Welcome to the Tsonnet series!
If you're not following along, check out how it all started in the first post of the series.
In the previous post, we added warnings for unused variables and untouched bindings:
Now let's get to the most exciting feature in any programming language: functions!

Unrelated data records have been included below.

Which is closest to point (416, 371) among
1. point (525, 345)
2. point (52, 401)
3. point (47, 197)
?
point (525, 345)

What are we even working with here?
A simple inline function with a positional parameter:
// samples/functions/positional_params.jsonnet
local my_function(x) = x * 2;
my_function(3)
And a function with a multiline body:
// samples/functions/multiline.jsonnet
local simple_function(x, y) = x + y;
local multiline_function(x) =
local temp = x * 2;
[temp, temp + 1];
multiline_function(
simple_function(1, 2)
)
Parsing (a.k.a. making sense of text)
We need two new AST variants -- one for function definition, one for function call:
diff --git a/lib/ast.ml b/lib/ast.ml
index ace6241..106f37c 100644
--- a/lib/ast.ml
+++ b/lib/ast.ml
@@ -90,6 +90,8 @@ type expr =
| Local of position * (string * expr) list
| Seq of expr list
| IndexedExpr of position * string * expr
+ | FunctionDef of position * (string * string list * expr)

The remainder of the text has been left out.